What rights do Tennessee drivers have at sobriety checkpoints?
Understanding their rights when stopped at sobriety checkpoints in Tennessee may help drivers protect themselves.
According to the Tennessee Bureau of Investigation, there were 18,913 driving under the influence arrests across the state in 2017 alone. For some drivers, such arrests may result from being pulled over at a DUI checkpoint. At such stops, law enforcement can stop all or a portion of the vehicles to check for impaired drivers. Understanding their rights when stopped at sobriety checkpoints may help people protect themselves and avoid unnecessary legal issues.
Upon stopping vehicles at sobriety checks, law enforcement officers typically approach them to speak with the drivers. Often, people feel obligated to talk to them because they are in a position of authority.
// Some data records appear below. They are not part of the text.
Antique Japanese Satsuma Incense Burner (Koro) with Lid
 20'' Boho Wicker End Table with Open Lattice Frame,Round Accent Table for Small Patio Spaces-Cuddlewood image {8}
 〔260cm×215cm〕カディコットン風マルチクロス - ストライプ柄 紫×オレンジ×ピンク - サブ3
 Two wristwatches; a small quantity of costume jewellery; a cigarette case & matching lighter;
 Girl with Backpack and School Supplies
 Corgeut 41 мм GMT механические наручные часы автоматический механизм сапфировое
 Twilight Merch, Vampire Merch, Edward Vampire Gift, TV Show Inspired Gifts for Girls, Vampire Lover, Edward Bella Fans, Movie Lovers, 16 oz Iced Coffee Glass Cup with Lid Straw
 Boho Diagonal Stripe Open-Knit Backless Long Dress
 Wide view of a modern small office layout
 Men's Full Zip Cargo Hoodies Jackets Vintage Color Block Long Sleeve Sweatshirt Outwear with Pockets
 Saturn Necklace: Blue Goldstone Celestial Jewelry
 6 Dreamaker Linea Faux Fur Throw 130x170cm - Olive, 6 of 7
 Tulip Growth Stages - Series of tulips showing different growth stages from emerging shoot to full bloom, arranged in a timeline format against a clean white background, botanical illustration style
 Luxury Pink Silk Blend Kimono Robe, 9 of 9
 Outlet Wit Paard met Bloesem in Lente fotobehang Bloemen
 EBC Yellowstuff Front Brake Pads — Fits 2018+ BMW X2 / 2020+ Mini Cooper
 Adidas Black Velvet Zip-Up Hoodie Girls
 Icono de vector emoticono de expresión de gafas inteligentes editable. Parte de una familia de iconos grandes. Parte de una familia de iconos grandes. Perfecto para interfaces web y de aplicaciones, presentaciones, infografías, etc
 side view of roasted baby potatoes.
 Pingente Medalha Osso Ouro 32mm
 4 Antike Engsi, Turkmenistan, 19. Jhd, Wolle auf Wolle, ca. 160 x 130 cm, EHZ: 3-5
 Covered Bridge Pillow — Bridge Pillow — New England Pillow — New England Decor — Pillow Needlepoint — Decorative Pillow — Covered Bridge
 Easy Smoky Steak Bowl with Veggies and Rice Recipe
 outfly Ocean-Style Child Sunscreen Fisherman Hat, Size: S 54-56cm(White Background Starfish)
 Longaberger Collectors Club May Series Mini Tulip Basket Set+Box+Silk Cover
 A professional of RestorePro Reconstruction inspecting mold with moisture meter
It is important for motorists to know they are not legally required to respond to questions. Rather, they may choose to provide the authorities with a card informing them they are choosing to invoke their Constitutional rights, including right to remain silent and right to continue on their way if officers do not have a reasonable suspicion to continue the stop.
Performing roadside tests
If they suspect drivers are intoxicated, law enforcement officers may ask drivers to exit their vehicles and perform a series of field sobriety tests. These include the one-leg stand, the walk-and-turn, and other tests. The State may try to use people’s performance on these tests to prove impairment.
While they may not inform them of their right when making the request, motorists should keep in mind that they are not required to submit to these tests. Refusing does not, however, safeguard them from arrest.
Submitting to breath tests
Once law enforcement officers establish probable cause to place them under arrest, drivers are often asked to submit to breath or blood tests. At this point, they no longer have the right to refuse these tests without consequences. Doing so may be considered a violation of the state’s implied consent law and result in a revocation of their driving privileges for one to two years, depending on various factors including their prior arrest record. The penalties associated with a breath or test refusal are incurred on top of any that are levied as a DUI arrest that leads to conviction.
Obtaining legal representation
Even a first-time drunk driving arrest in Tennessee may have life-changing implications. Therefore, people who have been charged with driving under the influence should consult with a lawyer. A legal representative may help them establish a solid defense, which may include questioning whether their rights were violated at any point during the sobriety checkpoint or their subsequent arrest.